Ellerini uzat bana

355 44 28
                                    

Kyungsoo oturduğu yerden doğrularak kalktı, ellerinin arasında titreyen çiçek desenli fincan her an parmaklarının arasından düşecek gibi duruyordu. Sesleri duyabiliyor, ormanın girişine uzak olsa bile tanıdık kokuyu ciğerlerine taşıyabiliyordu. Ilık rüzgar siyah saçlarını hafifçe okşarken, Luhan'da ona katıldı, birlikte harika manzaranın keyfini çıkarabilecekleri balkona ulaşmışlardı.

Kurdu daha uysaldı son birkaç saattir ve Kyungsoo gerçekten cennette gibi hissetmekten kendini alıkoyamıyordu. Düşüncelerini kendisi yönlendiriyor, kararlarını kendisi alıyor, beta bedeninde bir alfaymış gibi hissediyordu nedensizce. Ezilmekten, kendi kurdunun ona kötü sözler söylemesinden, uykusunda bile boğulma tehlikesi yaşamaktan, her şeyde geri kalmaktan, dövüşte işe yaramaz olmaktan, kendini koruyamamaktan bıkmıştı artık.

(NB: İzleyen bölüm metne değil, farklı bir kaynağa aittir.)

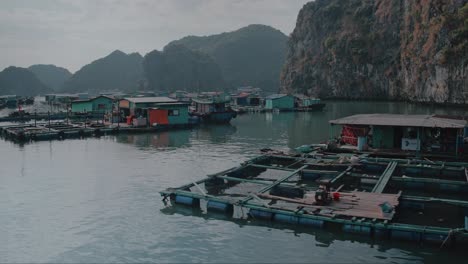 Sailing-Past-Traditional-Vietnamese-Boats-and-Floating-Village-Among-Beautiful-Limestone-rocks-of-Lan-Ha-bay,-the-southern-edge-of-Ha-Long-bay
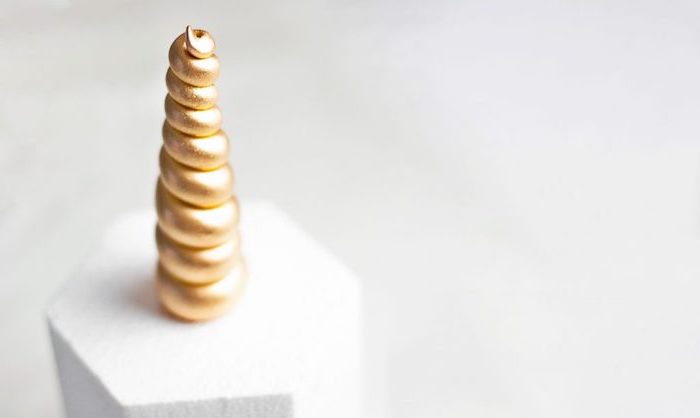 horn painted in gold on styrofoam, white background, unicorn birthday cake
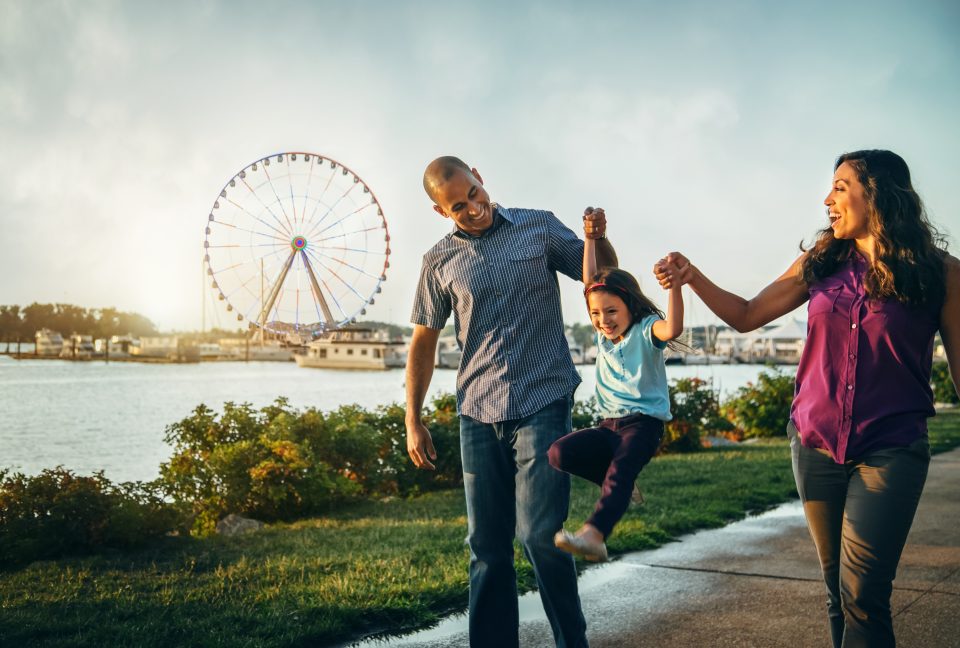 Family takes walk at National Harbor in Maryland.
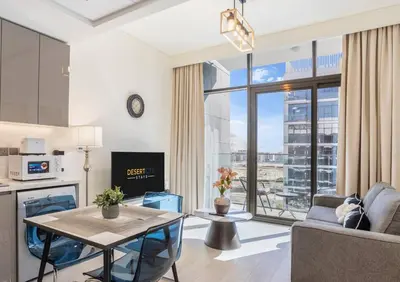 a living room with a table and a large window at Fully Furnished One Bed in Meydan, Hosted by Desert City Stays in Dubai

"Gitmem gerekiyor." dedi, gözleri yanındaki narin elfi bulduğunda. Luhan yanağına dokunan saçlarını kulağının arkasına sıkıştırırken sessizdi. Düşüncelerini saatlerdir kendisine saklıyor, hiçbir şeyi Kyungsoo'ya söylemiyordu. Belki kurdun bir şeyleri bilmesi daha iyi olabilirdi ama söylememesi emredilmişti ve Luhan emirlere uymak zorundaydı.

"Seninle konuşmak eğlenceliydi Kyungsoo. Kurdunu eğitmeye çalışmakta öyle. Sanırım bir süre sana sorun çıkarmayacak."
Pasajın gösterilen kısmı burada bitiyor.